# PS3 - Hdmi Display Issue



## walve (Apr 9, 2012)

hi,

Bought PS3 160 GB console from croma in mumbai.

Worked fine when i connected with the bundled normal cable, but the display goes black
when i connect thru the HDMI cable to my lg lcd 42 inch

HDMI cable works fine with my HD DTH settopbox (bundled with the dth)

Tried 2 ways to get the display:-

-- connected the hdmi cable & pressed the power button for few sec till i hear second beap.no diaplay thru hdmi

-- connected first thru the normal cable and tried to change the setting manualy. display goes black but comes back thru the normal cable

Pls help


----------



## JojoTheDragon (Apr 9, 2012)

Do a cold reboot.
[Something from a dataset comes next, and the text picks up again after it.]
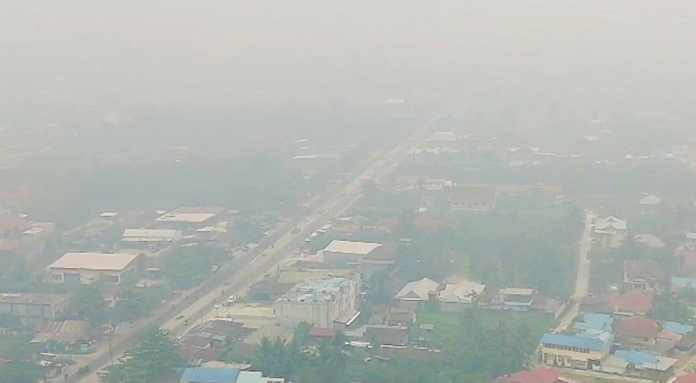 Sumatera Diselimuti Kabut Asap, Kualitas Udara Memburuk dan Warga Diminta Waspada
Remove the HDMI cable and power cable from both the PS3 and your TV. Wait for two/five minutes and then connect them back and turn on.


----------



## walve (Apr 10, 2012)

no luck....

do i need to get sony hdmi cable to get it working..


----------



## newway01 (Apr 10, 2012)

Are you sure you have done the video reset properly?

With the PS3 in stand by mode, press and hold the power button for 10 secs.. (until you hear the second beep) this cause the PS3 to reset the display properties back to 480i..Follow the onscreen instructions to set it back up to 1080i

Also make sure you have the correct input settings selected on your TV.


----------



## walve (Apr 10, 2012)

Found out that there is no issue with the console...had taken to croma where HDMI worked fine.
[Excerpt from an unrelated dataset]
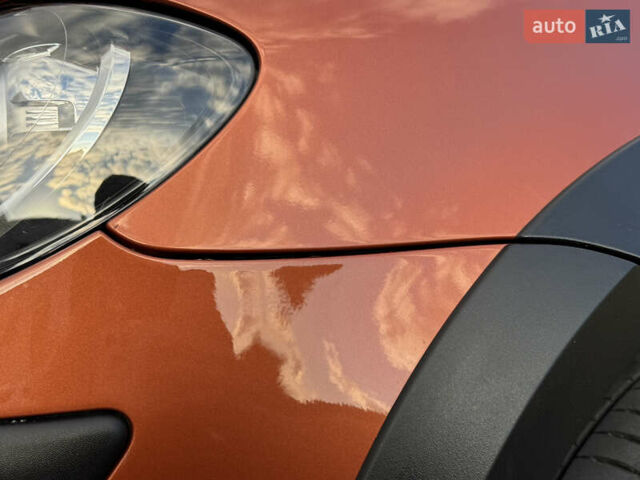 Оранжевый Фольксваген Кросс Туран, объемом двигателя 1.4 л и пробегом 232 тыс. км за 8300 $, фото 42 на Automoto.ua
after saving the setting in croma tried at home only to find it still does not work..clueless..


----------



## walve (Apr 12, 2012)

does the HDMI cable have versions

tried connecting using the same cable on a different TV, result was same...black screen...

guess have to get a new hdmi cable...


----------



## walve (Apr 15, 2012)

turned out to be hdmi cable issue...works fine with new cable


----------